When calculated vectorially, the discrepancy between refractive astigmatism and anterior corneal astigmatism is termed ocular residual astigmatism (ORA). ORA is the best parameter to quantify the amount (in diopter) of the difference between Manifest and Topographical anterior corneal astigmatism because it considers both the magnitude and axis discrepancy.

Of the various types of anterior corneal HOAs, anterior corneal coma is believed to be the most significant contributor to ORA. Yet, we found no meaningful relationship between the anterior corneal coma magnitude and ORA magnitude nor between the anterior corneal coma axis and ORA axis, both with quasi-null correlation coefficients. The ORA was, in fact, against-the-rule (ATR) in 86% of eyes, whereas the anterior corneal coma was ATR in only 28% of eyes. 

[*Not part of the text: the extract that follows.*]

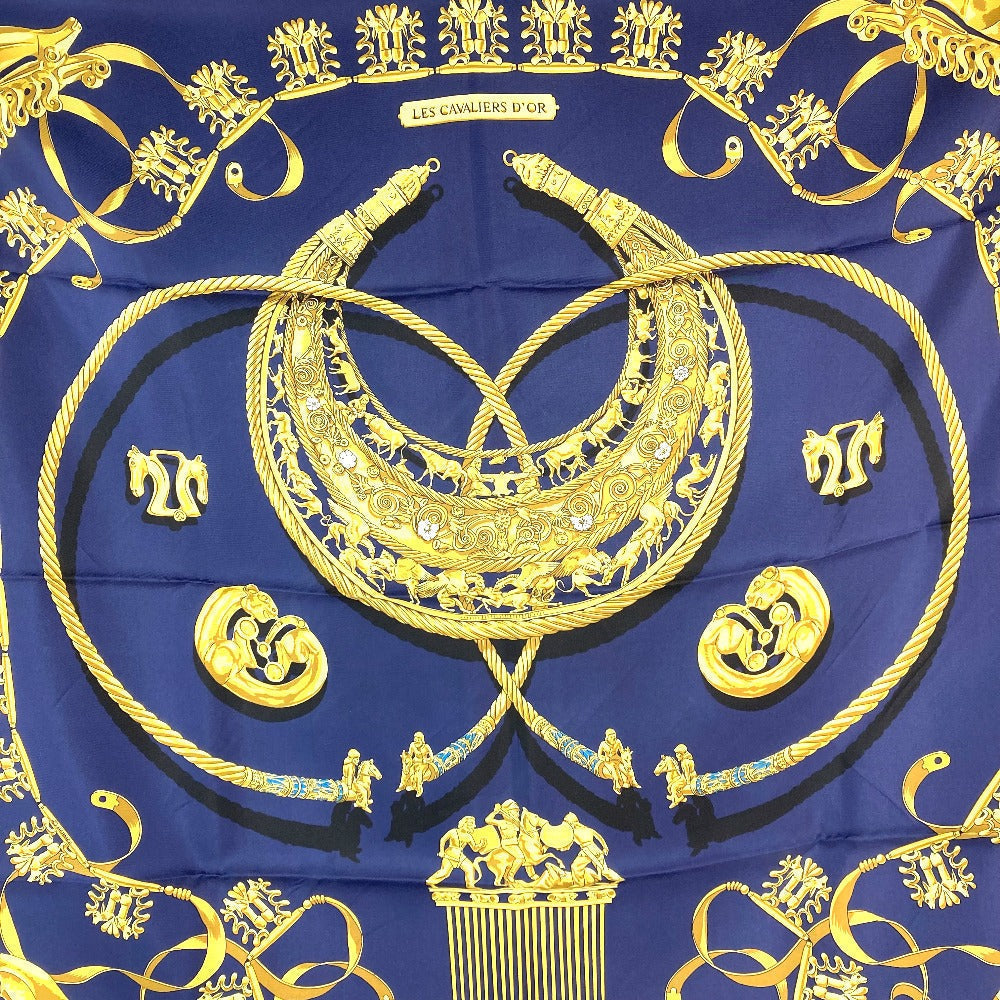 HERMES scarf silk Navy x gold LES CAVALIERS D'OR Golden knight Women  d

Because no meaningful correlation was found between anterior corneal coma and ORA, anterior corneal coma cannot be a significant cause of the observed discrepancy between anterior corneal astigmatism and refractive astigmatism in healthy primary eyes. Therefore, the main contributors to the difference must stem from the posterior cornea, other internal ocular factors, and cortical perception.

Recent topography-guided protocols disregard refractive astigmatism and instead recommend treating the topography-measured anterior corneal astigmatism together with anterior corneal HOAs in primary eyes. This guidance wrongfully assumes that corneal HOAs are the leading cause of the discrepancy (ORA) between refractive astigmatism and anterior corneal astigmatism. If that assumption was valid and the corneal HOAs were treated, the anterior corneal astigmatism would equal refractive astigmatism, and then only anterior corneal astigmatism would need to be corrected. However, this logic neglects the impact of posterior corneal astigmatism, which is a much more significant contributor to ORA.

Although anterior corneal HOAs might affect refractive astigmatism in highly aberrated eyes with anterior corneal coma-dominant optics, this is not the case in primary eyes, as shown here. Healthy virgin corneas are markedly anatomically and physiologically different than highly aberrated pathological corneas. Virgin corneas don't have anterior corneal HOA-dominated optics. They have much smaller amounts of naturally occurring HOAs that contribute very little if anything at all to manifest astigmatism, as we debunked using those 37,454 all-comer primary eyes.